**WORK TO BE COMPLETED**
Nothing but the lines from the one that contains "this 220×165 image." through the end of the data should be reproduced, and each must match exactly.

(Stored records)
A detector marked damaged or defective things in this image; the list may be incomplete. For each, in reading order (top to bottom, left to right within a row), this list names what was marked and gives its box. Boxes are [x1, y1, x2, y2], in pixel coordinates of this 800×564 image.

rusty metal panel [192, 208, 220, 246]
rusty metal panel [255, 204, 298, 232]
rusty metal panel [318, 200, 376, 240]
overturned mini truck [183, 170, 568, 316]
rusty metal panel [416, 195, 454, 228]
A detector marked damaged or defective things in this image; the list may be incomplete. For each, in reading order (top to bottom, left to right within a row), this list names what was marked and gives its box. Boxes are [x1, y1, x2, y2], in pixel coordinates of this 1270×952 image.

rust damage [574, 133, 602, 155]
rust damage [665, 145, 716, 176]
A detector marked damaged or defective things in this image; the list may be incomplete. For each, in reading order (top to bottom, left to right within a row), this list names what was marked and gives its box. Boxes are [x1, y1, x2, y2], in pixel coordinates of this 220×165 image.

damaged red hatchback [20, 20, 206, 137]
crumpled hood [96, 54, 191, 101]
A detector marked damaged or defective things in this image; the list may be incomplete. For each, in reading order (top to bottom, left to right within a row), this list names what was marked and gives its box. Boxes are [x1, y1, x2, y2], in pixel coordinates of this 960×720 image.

**OUTPUT**
A detector marked damaged or defective things in this image; the list may be incomplete. For each, in reading order (top to bottom, left to right within a row), this list names what was marked and gives its box. Boxes are [x1, y1, x2, y2], in pixel coordinates of this 220×165 image.

damaged red hatchback [20, 20, 206, 137]
crumpled hood [96, 54, 191, 101]
A detector marked damaged or defective things in this image; the list may be incomplete. For each, in reading order (top to bottom, left to right within a row), this list names what was marked and gives its box. Boxes are [x1, y1, x2, y2], in pixel coordinates of this 960×720 image.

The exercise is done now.